Most lightweight boots are not really re-soleable. Anyway, boot sith stick on soles have a hugh advantage - eay to get resoled, AND, if you do some reserach on Vibram Soles, you'll find they make something on the order of 20 different soles - different patterns, different materials and the like.

You want a rough wearing sole (I'm a BIG guy, and need them), I love the Montangna (sp?) sole, which is basically the original black rubber DEEP lug (like 1/2") soles meant for serious hiking/climbing.

They scuff sloors (leave black marks), they can be slippery on oil (a bit), they are heavy, but they last and last

Not patrol boots (I've tried a few brands, none I love), but Russell Moccasin makes wonderful boots, BUT
1)They are expensive
2)If you get custom fit, you are going to wait for them

But you can also order them as a "I want X model, but in Y color, with Z soles, but 1/2 shorter/taller, with studs instead of eyelets etc)

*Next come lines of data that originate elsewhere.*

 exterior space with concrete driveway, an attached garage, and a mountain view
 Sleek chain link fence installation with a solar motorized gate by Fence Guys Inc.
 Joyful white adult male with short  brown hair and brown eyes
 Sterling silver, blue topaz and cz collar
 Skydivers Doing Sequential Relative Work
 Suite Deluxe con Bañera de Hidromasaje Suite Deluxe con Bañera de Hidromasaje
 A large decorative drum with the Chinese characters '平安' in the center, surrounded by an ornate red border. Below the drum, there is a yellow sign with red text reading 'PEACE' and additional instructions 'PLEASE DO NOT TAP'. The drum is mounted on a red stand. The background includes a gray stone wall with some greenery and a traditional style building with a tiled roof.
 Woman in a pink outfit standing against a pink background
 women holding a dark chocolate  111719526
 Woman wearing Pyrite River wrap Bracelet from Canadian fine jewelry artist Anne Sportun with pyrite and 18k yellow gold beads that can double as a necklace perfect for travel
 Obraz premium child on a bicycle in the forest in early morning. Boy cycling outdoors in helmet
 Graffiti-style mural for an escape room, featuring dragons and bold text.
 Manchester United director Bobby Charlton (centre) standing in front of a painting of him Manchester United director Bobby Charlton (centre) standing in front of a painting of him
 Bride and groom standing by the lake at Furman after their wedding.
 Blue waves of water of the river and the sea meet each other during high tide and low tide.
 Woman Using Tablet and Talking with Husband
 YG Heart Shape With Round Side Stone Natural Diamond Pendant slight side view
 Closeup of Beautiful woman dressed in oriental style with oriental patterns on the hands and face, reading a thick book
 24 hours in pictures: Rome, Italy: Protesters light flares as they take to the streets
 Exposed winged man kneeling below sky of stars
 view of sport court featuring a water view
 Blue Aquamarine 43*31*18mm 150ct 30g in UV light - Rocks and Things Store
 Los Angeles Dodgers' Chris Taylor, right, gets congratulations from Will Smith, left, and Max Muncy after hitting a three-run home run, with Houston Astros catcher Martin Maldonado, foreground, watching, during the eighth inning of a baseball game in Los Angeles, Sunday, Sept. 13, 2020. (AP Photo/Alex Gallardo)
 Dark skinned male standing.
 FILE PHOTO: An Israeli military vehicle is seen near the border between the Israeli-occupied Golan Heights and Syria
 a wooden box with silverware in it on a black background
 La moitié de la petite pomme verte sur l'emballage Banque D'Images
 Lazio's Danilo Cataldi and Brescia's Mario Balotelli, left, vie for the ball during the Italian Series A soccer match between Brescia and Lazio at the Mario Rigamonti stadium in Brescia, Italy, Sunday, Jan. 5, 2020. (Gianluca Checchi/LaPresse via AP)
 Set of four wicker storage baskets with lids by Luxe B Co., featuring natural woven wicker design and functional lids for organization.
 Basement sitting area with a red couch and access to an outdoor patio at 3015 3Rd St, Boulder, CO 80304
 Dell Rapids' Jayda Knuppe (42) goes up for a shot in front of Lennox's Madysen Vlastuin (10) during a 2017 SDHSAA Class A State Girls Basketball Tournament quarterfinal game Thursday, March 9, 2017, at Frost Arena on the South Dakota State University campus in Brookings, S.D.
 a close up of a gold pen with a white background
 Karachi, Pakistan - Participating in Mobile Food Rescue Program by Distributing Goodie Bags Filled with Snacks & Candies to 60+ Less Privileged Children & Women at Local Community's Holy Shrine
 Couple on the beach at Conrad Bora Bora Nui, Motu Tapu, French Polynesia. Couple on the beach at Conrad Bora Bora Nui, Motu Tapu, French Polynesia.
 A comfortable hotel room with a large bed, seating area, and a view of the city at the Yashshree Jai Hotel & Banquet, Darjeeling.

I've had a pair for a bunch of years now - leather still going strong - How long have I had them? 5 sets of soles and counting....


----------



## Tekno_Cowboy (Nov 2, 2009)

I don't wear much for laced boots, but I have had great luck with the Vibram soles on my Tony Lama boots. They last me about 2-3 years on grit-coated concrete. (which amounts to walking on coarse sandpaper). They last about 5-6 years on dirt and such.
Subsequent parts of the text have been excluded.